Oakes promises to do it. But our understanding is explicit that if he cannot get through with it in time, he is soon to let me know, and to furnish me with New England matters, when I am to do, not exactly this, but a more compendious manual of the botany of New England, New York, New Jersey, and Pennsylvania, that is, the Northern States proper. It will be imperfect and hasty, but it will prevent Wood from fixing himself so that he cannot be driven out.
I propose to have a sufficient number of copies of this (in whatever form it may appear) bound up with the “Botanical Text-Book” to meet the demands of the one-book system in New England and New York, and to afford it at a price reduced to a minimum, so that nothing is to be made out of it, at least out of the first edition.
How does this all strike you? I am convinced that something must be done, and I will see if we can’t have a very popular, and at the same time a pretty good book.
George[143] sends his warm regards.
21st November, 1845.
I have driven Oakes so absolutely into a corner that I think he will work for once. The man’s preparations and materials are enormous! and for his sake I hope he will. If he does not, I shall know in time,—that is, as soon as I can use the knowledge,—and then the plan may take such form as may be deemed best. I should then wish to make it more absolutely a supplement of “Botanical Text-Book;” but only for the proper North. In the way in which it would then be done, with Persoonish[144] compactness and brevity, I doubt if you would care to engage in it. As soon as we can get out the proper Botany of the United States, I should wish it to supersede this to a great extent. In my hands, I would sell it so cheaply as to make very little, except as it promotes the sale of the “Botanical Text-Book.” I would sell the “Text-Book” with it for $2, or less even. The great object is to keep the ground clear by running an uncompromising opposition against the threatening interlopers.
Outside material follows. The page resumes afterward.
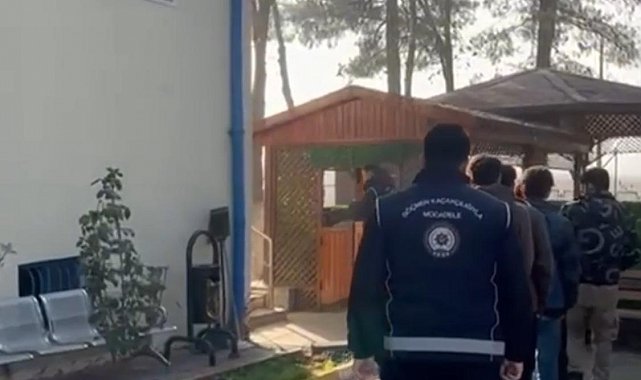 Batman'da göçmen kaçakçılığına yönelik operasyon: 7 şahıs yakalandı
My lectures are to commence January 13th.
TO J. D. HOOKER.
Cambridge, 31st December, 1845.
I was much pleased to receive your pleasant letter of the 29th October last, and I read with interest the account of the debate on the occasion of the election by the Edinburgh Town Council. Such defeats can do you no harm. I suppose you are now going on with the “Flora Antarctica.” I need not say that I should be very glad to see the Antarctic plants of the Wilkes Expedition in your hands. The botanist who accompanied the expedition is no doubt perfectly incompetent to the task, so greatly so that probably he has but a remote idea how incompetent he is. I have not seen him nor the plants. Certainly I would not touch them (any but the Oregon and Californian) if they were offered to me, which they are not likely to be. I consider myself totally incompetent to do such a work without making it a special study for some years, and going abroad to study the collections accumulated in Europe. Of course if they are worked up at all in this country, they will be done disgracefully. I publicly expressed my opinion on the subject in “Silliman’s Journal.” But I have long been convinced that nothing can be done. The whole business has been in the hands till now of Senator——, the most obstinate, wrong-headed, narrow-minded, impracticable ignoramus that could well be found.... If to this you add an utter ignorance of those principles of comity and the spirit of interchange that prevail among naturalists, and a total want of comprehension of what is to be done in the scientific works in question, and you will see that nothing is to be expected from such sources. They have thrown every obstacle they could in the way of their naturalists—Dana and Pickering, for instance—so much so that Pickering, though a patient man, once threw up his position in disgust, I have heard, but, by some concessions made to him, was finally persuaded to retain it.